What you will do:
Quote each line exactly, from the line that contains "Aktaion Hotel Ermoupoli" down to the last line of the listing, and no other lines.

Records for the exercise:
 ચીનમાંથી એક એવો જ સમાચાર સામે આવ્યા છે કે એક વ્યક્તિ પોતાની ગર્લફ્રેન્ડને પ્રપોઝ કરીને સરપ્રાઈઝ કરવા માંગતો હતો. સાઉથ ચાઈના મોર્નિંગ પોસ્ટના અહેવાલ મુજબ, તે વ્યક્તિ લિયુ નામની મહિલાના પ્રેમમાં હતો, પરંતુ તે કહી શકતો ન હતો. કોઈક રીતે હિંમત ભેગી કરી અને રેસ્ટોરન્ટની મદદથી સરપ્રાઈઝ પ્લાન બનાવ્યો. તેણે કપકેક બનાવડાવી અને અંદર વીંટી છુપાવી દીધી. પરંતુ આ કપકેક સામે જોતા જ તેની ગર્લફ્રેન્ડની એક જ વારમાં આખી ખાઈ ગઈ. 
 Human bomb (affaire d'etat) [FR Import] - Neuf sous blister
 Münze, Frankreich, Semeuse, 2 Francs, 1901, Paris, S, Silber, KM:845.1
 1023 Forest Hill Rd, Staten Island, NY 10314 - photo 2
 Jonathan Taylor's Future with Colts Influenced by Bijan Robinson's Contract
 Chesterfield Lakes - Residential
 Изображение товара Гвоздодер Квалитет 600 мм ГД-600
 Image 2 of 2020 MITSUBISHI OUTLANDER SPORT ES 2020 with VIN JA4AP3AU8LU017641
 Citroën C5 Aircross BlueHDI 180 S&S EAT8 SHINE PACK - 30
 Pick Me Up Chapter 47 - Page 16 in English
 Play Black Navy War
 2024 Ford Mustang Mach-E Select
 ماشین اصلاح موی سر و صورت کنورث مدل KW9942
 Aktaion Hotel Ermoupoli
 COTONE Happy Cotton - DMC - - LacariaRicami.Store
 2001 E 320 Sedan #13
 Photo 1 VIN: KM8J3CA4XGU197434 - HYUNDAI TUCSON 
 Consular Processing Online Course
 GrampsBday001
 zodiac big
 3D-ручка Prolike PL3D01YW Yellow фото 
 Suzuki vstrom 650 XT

Written response:
 Aktaion Hotel Ermoupoli
 COTONE Happy Cotton - DMC - - LacariaRicami.Store
 2001 E 320 Sedan #13
 Photo 1 VIN: KM8J3CA4XGU197434 - HYUNDAI TUCSON 
 Consular Processing Online Course
 GrampsBday001
 zodiac big
 3D-ручка Prolike PL3D01YW Yellow фото 
 Suzuki vstrom 650 XT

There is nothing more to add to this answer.